▶ _TASK TO CARRY OUT_
Once you find the line containing "speaker 95% DCI-P3" in the data below, copy it and each following line exactly, up to and including the line containing "Urinar muito pode ser sinal de câncer?", and nothing else.

▶ _TASK INPUTS_

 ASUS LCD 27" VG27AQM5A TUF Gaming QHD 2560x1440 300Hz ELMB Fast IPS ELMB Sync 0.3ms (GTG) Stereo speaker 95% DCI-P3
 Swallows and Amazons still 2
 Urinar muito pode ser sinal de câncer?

---

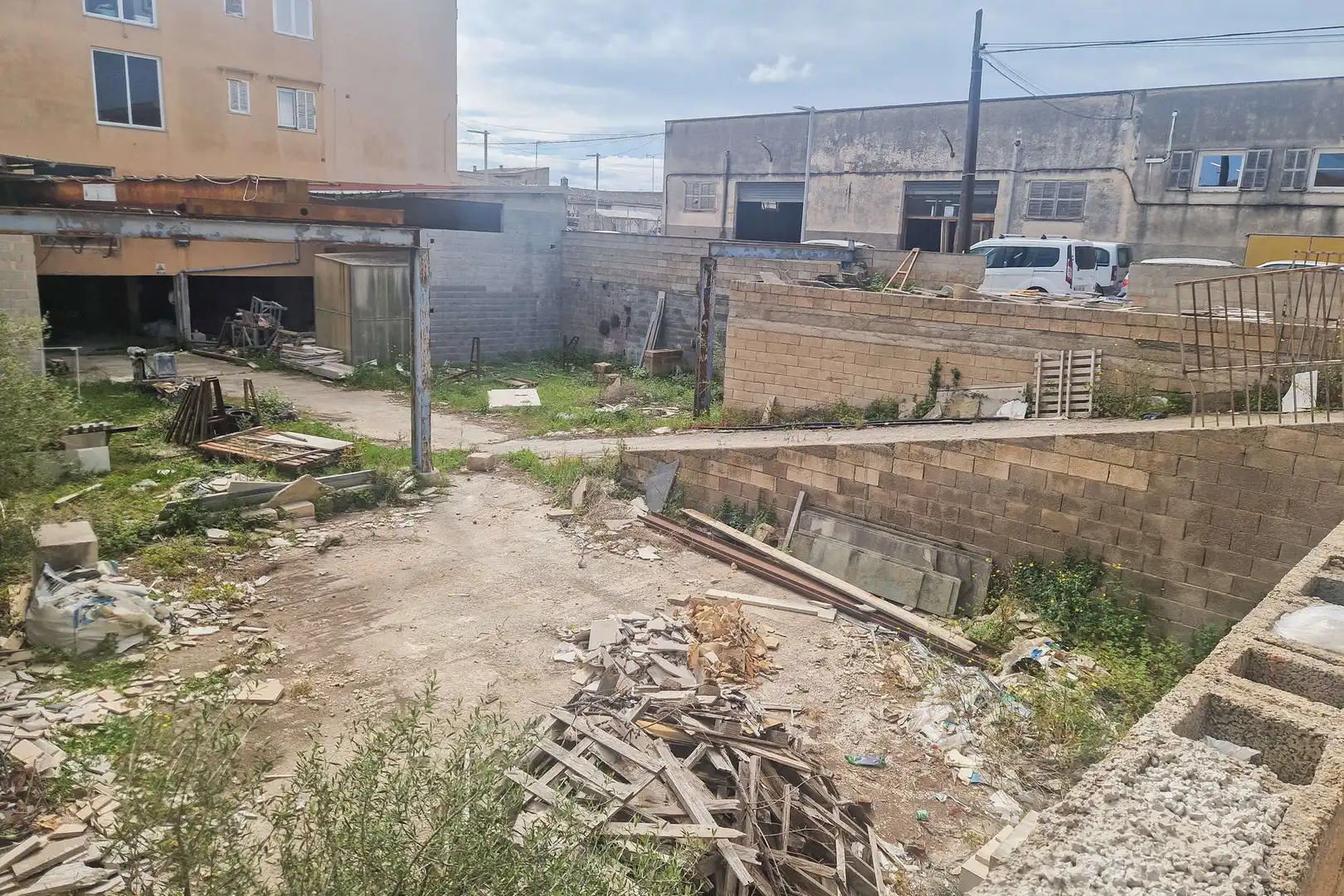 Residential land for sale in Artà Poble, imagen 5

...

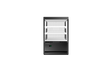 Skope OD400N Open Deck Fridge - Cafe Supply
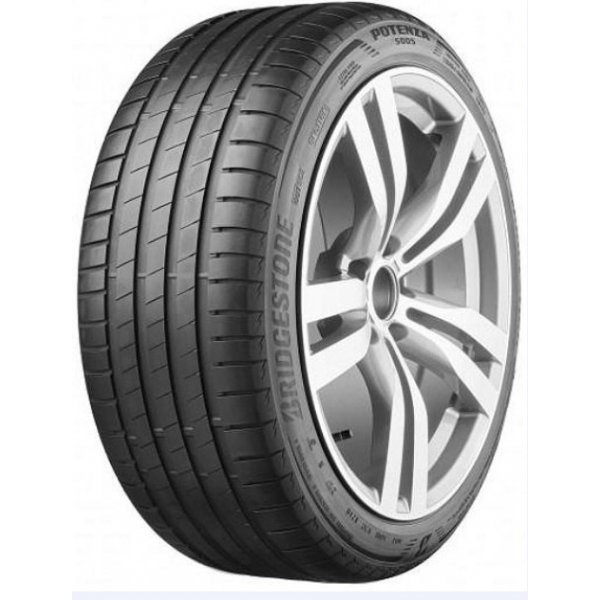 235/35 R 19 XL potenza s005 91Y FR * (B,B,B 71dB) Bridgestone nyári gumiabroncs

▶ _EXERCISE SOLUTION_
 ASUS LCD 27" VG27AQM5A TUF Gaming QHD 2560x1440 300Hz ELMB Fast IPS ELMB Sync 0.3ms (GTG) Stereo speaker 95% DCI-P3
 Swallows and Amazons still 2
 Urinar muito pode ser sinal de câncer?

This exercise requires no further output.